Now we want to print out the sorted list in a nicer format. This is tricky, because different names have different lengths, so the challenge is making sure that each category begins printing at the same point.

First, we'll figure out how to print our header information nicely

In [7]:
# Print out the header. the \t character prints a tab.
header = "Flight    \tDestination\t\tGate\tTime"
print(header)

# `expandtabs` will convert the `\t` character to spaces so we know the length
print("-" * len(header.expandtabs()))
Flight    	Destination		Gate	Time
----------------------------------------------------

By using tabs (\t), we can space out the categories. We should use more tabs if the category will have longer values.

Next, we'll print our data underneath this header. First we'll have a quick aside on inserting variables into a string:

In [8]:
# First, note that we can insert variables into strings
# We accomplish this with the characters `{}` + the `format` method
print('{}'.format('hi'))
hi
In [9]:
# This will auto-convert items like ints or floats to a string
print('{} blind mice'.format(3))
3 blind mice
In [10]:
# You can also specify multiple variables to insert
print('{} shall be the number thou shalt count, and'
      ' the number of the counting shall be {}'.format(3, 3))
3 shall be the number thou shalt count, and the number of the counting shall be 3
In [11]:
# We can also use the `%` symbol like so:
number, word = 2, 'crazy'
print('Wait, there are %s ways to do this, that is %s!!!' % (number, word))

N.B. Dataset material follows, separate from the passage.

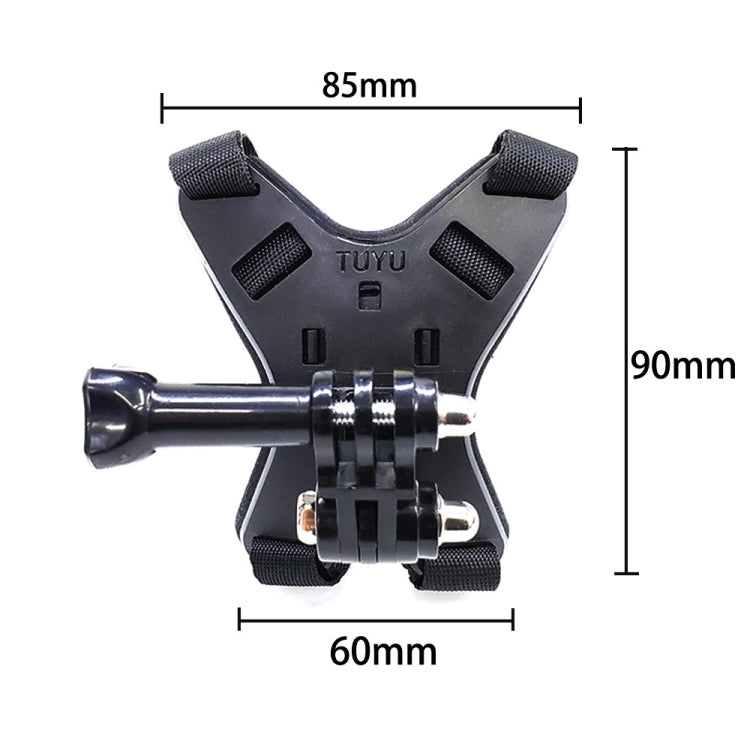 TUYU Motorcycle Helmet Chin Action Camera Mobile Phone Mounting Bracket Blue Bracket+Mobile Phone Clip - HoMEdemic™ 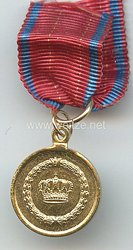 Württemberg Dienstauszeichnung Medaille für XII Dienstjahre, ab 1913 - Miniatur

# And we can also directly convert variables to string format, then use +
print("Wow a " + str(3) + "rd way, truly python is " + str(2) + " cool " + str(4) + " school...")
Wait, there are 2 ways to do this, that is crazy!!!
Wow a 3rd way, truly python is 2 cool 4 school...

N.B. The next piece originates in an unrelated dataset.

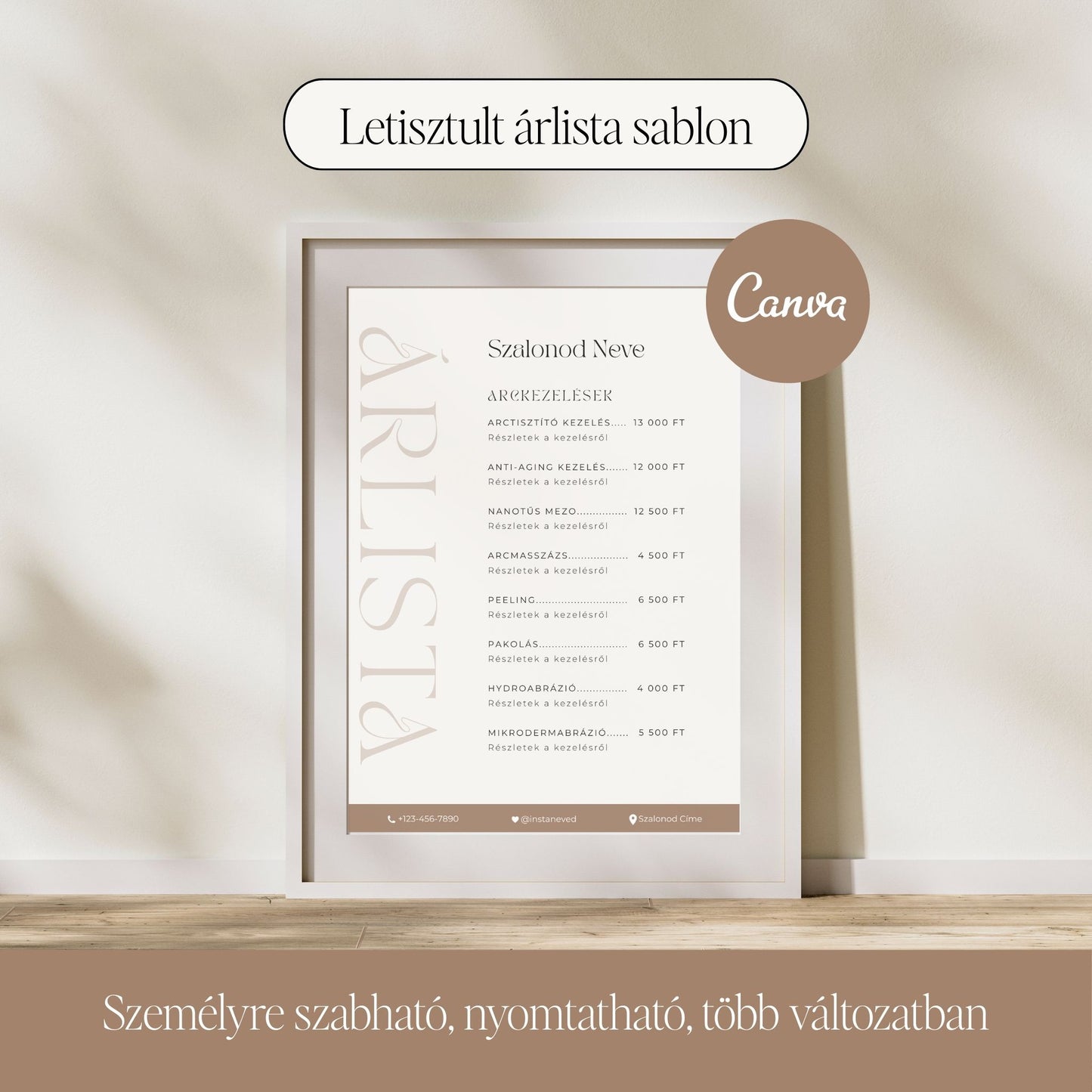 The Profitable Salon - Szalon Árazás Kalkulátor & Árlista Sablon Csomag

Now, on to printing our data. We'll just print whatever is in the dataset:

Note that when printing, we lookup the destination name by the airport code key in the airports dictionary.

In [12]:
# Print the header
print(header)
print("-" * len(header.expandtabs()))

# Now print the flight information
for flight in flights:
    dest = airports[flight[2]]
    # Print the nicely formatted string. Don't forget to convert int and float types to strings using str()
    print('{} {} \t {} \t {} \t {}'.format(
            flight[0], flight[1], dest, flight[3], flight[4]))
Flight    	Destination		Gate	Time
----------------------------------------------------
Aeroflot 34 	 Moscow 	 5 	 9.0
American 1 	 New York City 	 12 	 11.3
Southwest 23 	 Santa Barbara 	 6 	 12.5
Southwest 59 	 Los Angeles 	 11 	 14.5
Southwest 145 	 Washington, D.C. 	 1 	 6.0
Southwest 146 	 Chicago-Midway 	 1 	 9.6
SpamAir 1 	 Austin, Minnesota 	 42 	 14.4
USAirways 8 	 Miami 	 20 	 13.1
United 2 	 Los Angeles 	 10 	 12.5
United 31 	 Dulles 	 1 	 7.1
United 46 	 Los Angeles 	 5 	 6.5
United 302 	 London-Heathrow 	 5 	 6.5
United 2032 	 Miami 	 21 	 15.1

Hmmm, it's close, but there are problems related to differing lenghts of the flight information. In particular it seems like the Destination column is giving us problems.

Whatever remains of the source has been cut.